• [Material shown]:

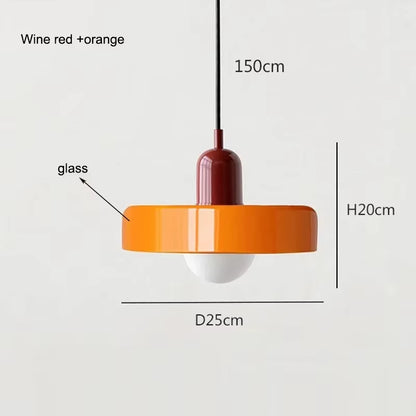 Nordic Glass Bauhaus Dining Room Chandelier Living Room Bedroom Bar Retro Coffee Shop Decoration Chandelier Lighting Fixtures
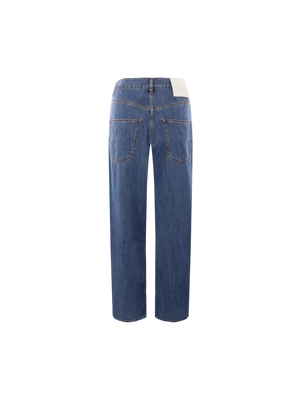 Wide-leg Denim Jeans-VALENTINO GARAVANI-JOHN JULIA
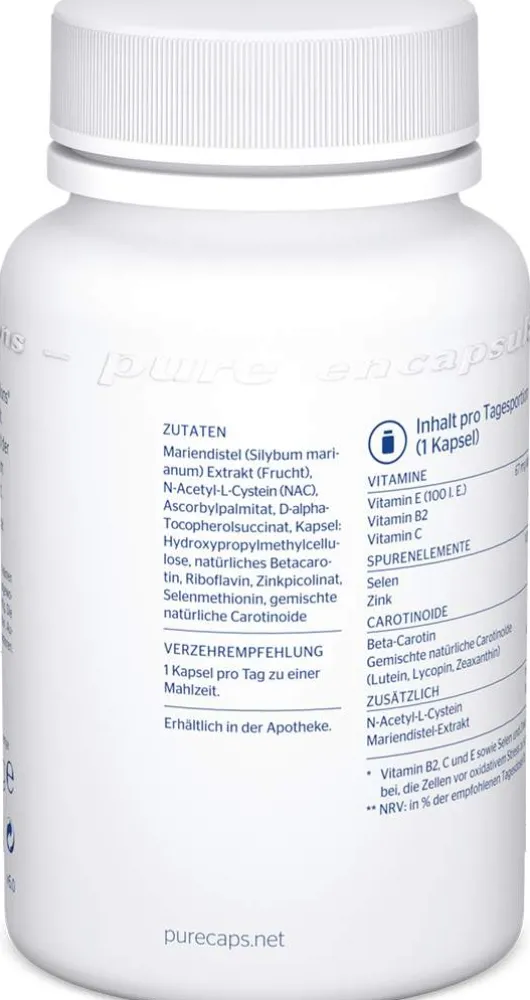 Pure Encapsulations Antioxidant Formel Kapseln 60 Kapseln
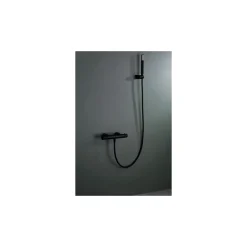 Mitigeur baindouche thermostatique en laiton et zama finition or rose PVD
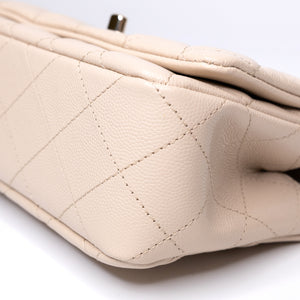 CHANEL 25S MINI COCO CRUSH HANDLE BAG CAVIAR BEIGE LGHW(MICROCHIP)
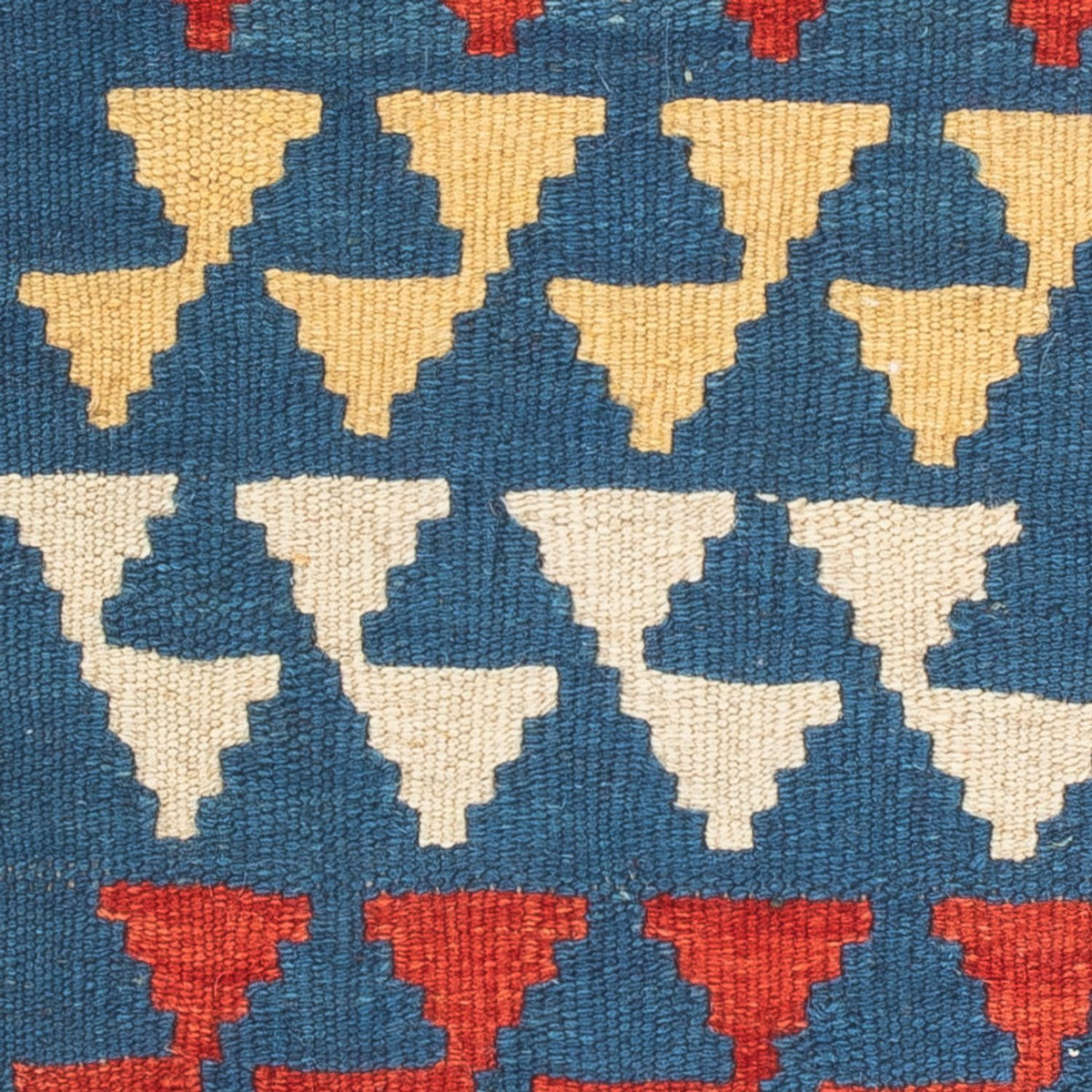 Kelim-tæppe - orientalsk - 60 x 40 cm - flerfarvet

• [What you are asked to do]:
Where the material contains pictures, leave them out and copy the rest verbatim.

• [Exercise answer]:
 Nordic Glass Bauhaus Dining Room Chandelier Living Room Bedroom Bar Retro Coffee Shop Decoration Chandelier Lighting Fixtures
 Wide-leg Denim Jeans-VALENTINO GARAVANI-JOHN JULIA
 Pure Encapsulations Antioxidant Formel Kapseln 60 Kapseln
 Mitigeur baindouche thermostatique en laiton et zama finition or rose PVD
 CHANEL 25S MINI COCO CRUSH HANDLE BAG CAVIAR BEIGE LGHW(MICROCHIP)
 Kelim-tæppe - orientalsk - 60 x 40 cm - flerfarvet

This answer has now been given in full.